WHAT THIS TASK INVOLVES: Nothing but the lines from the one containing "THE SILVER LINING [Vinyl] - Paladin Vinyl" through the last line of the data below should be returned, each copied exactly.

SUPPLIED MATERIAL:
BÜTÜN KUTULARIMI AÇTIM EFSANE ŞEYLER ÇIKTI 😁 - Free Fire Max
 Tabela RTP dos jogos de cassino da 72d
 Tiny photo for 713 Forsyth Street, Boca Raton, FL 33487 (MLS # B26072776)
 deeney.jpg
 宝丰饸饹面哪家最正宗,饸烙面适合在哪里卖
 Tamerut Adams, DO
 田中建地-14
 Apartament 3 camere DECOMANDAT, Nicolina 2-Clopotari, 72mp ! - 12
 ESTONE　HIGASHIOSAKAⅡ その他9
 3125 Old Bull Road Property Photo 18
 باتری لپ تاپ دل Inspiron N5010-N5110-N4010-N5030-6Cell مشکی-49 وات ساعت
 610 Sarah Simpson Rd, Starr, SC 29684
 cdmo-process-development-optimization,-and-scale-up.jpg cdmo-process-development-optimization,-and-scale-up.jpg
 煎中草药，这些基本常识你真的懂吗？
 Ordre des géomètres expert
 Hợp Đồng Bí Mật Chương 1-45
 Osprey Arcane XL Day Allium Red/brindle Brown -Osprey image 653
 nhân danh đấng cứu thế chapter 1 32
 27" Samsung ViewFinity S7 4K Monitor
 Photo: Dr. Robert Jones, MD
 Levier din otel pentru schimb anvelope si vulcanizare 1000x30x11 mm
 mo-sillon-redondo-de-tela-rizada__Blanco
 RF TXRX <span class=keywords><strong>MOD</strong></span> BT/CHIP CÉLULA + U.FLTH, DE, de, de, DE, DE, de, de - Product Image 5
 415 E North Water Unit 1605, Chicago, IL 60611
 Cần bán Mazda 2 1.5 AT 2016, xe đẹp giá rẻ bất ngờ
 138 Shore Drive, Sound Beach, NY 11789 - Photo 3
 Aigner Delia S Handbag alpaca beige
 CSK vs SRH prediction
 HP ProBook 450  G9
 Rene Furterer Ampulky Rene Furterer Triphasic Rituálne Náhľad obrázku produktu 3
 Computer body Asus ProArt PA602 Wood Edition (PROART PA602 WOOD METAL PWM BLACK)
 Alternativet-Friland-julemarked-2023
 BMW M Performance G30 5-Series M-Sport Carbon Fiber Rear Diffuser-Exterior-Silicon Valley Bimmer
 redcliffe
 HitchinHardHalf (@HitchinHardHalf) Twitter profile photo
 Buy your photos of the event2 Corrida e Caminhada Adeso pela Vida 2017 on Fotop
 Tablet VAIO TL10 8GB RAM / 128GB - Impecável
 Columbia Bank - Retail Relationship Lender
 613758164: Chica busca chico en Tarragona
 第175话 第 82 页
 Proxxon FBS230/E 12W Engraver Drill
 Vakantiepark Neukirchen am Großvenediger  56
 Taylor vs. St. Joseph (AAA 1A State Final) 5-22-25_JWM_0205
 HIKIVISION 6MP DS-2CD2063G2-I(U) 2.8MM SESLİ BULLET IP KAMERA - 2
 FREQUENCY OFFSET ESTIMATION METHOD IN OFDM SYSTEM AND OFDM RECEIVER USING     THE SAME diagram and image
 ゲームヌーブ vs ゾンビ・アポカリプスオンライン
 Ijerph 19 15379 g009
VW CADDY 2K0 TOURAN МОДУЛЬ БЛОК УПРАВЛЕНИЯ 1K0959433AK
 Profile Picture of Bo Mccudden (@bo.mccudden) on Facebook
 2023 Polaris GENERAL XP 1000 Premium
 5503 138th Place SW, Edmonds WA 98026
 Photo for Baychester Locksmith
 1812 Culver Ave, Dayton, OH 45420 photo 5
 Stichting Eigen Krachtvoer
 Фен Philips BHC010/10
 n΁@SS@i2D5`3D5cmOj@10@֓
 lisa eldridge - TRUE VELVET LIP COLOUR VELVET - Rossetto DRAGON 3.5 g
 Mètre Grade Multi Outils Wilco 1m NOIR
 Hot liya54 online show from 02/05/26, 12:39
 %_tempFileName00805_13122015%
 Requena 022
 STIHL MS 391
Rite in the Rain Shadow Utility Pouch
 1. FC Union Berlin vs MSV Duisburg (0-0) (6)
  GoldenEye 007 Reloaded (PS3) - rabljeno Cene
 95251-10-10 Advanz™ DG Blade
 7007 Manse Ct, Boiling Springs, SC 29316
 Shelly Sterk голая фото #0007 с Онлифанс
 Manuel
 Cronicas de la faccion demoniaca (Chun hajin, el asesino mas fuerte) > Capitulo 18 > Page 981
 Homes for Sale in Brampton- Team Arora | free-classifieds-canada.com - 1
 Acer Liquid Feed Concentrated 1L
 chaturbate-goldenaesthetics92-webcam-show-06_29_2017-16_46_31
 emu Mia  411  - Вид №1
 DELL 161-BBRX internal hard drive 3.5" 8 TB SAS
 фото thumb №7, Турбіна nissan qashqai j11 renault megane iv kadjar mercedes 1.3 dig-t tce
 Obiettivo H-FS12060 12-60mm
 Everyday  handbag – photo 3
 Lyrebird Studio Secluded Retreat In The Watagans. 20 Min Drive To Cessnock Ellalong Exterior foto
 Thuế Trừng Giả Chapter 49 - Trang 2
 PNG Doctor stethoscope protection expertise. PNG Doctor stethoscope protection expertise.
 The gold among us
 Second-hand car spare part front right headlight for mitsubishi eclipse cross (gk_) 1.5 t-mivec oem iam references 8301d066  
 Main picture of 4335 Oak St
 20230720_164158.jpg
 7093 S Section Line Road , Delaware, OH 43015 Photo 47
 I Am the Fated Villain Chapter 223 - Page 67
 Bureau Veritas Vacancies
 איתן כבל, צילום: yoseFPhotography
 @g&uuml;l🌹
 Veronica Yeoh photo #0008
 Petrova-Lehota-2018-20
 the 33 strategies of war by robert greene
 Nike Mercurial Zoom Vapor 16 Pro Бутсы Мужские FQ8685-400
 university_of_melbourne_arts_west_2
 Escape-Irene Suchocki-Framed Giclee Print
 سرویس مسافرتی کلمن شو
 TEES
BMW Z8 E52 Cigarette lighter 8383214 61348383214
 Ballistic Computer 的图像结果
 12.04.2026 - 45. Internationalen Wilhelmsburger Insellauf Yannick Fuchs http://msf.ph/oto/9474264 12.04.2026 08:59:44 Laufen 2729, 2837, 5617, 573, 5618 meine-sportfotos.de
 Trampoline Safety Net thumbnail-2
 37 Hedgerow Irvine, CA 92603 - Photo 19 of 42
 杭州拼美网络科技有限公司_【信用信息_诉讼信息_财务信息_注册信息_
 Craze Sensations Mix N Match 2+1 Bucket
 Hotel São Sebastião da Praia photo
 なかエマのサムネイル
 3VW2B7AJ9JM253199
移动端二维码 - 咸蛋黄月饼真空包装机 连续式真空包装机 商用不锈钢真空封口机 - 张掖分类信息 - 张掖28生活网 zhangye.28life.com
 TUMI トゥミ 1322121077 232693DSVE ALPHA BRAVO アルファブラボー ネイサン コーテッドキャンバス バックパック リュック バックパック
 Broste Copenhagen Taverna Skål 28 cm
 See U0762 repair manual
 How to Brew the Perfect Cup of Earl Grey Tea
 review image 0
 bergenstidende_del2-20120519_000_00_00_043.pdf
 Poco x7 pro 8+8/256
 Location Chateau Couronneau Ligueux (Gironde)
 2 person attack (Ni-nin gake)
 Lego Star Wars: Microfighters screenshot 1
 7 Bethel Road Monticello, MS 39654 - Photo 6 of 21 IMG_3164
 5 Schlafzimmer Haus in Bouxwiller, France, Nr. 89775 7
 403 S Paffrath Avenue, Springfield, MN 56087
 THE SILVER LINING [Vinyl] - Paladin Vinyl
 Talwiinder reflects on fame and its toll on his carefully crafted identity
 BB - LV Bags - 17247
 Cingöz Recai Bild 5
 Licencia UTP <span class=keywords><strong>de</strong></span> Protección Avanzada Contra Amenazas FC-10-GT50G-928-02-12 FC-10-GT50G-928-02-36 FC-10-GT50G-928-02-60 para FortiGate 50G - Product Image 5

SOLVED EXERCISE:
 THE SILVER LINING [Vinyl] - Paladin Vinyl
 Talwiinder reflects on fame and its toll on his carefully crafted identity
 BB - LV Bags - 17247
 Cingöz Recai Bild 5
 Licencia UTP <span class=keywords><strong>de</strong></span> Protección Avanzada Contra Amenazas FC-10-GT50G-928-02-12 FC-10-GT50G-928-02-36 FC-10-GT50G-928-02-60 para FortiGate 50G - Product Image 5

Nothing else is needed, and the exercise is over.